# Data Normalization Techniques

First step to make sense of data

**Decimal scaling**

Divide the data to make the max value below 1

**Min-Max Normalization (**scaling to a range)

Minimum get transformed to 0 and maximum gets transformed to 1.

v’ = (v-min/max-min)

Guarantees all features will have the exact same scale but does not handle outliers well

**Z-Score Normalization (Robust Standardization)**

Z-score is a variation of scaling that represents the number of standard deviations away from the mean.
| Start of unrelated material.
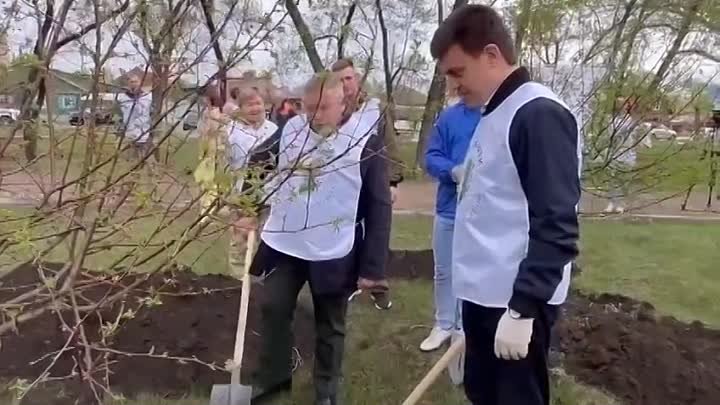 Губернатор принял участие в акции Сад памяти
v’ = ((v-mean)/standard deviation)

Handles outliers, but does not produce normalized data with the

exactsame scale

**Log Transform**

The Log Transform decreases the effect of the outliers, due to the normalization of magnitude differences and the model become more robust.

v’ = log(v)

Log scaling is helpful when a handful of your values have many points, while most other values have few points. This data distribution is known as the power law distribution

**Feature Clipping**

If your data set contains extreme outliers, you might try feature clipping, which caps all feature values above (or below) a certain value to fixed value.

**Buckets with equally spaced boundaries**

the boundaries are fixed and encompass the same range

**Buckets with Quantile Bucketing**

Creating buckets that each have the same number of points

**Spotting Outliers with Inter-Quartile Range**

IQR = Q3-Q1

Lower Outlier Limit = Q1- 1.5*IQR

Upper Limit = Q3+1.5*!QR

example —

10.2, 14.1, 14.4. 14.4, 14.4, 14.5, 14.5, 14.6, 14.7, 14.7, 14.7, 14.9, 15.1, 15.9, 16.4

Q1(25th percentile) = 14.4

Q2(50th percentile) = 14.6

Q3(75th percentile) = 14.9

IQR = .5, Lower Limit = 13.65, Upper Limit =15.65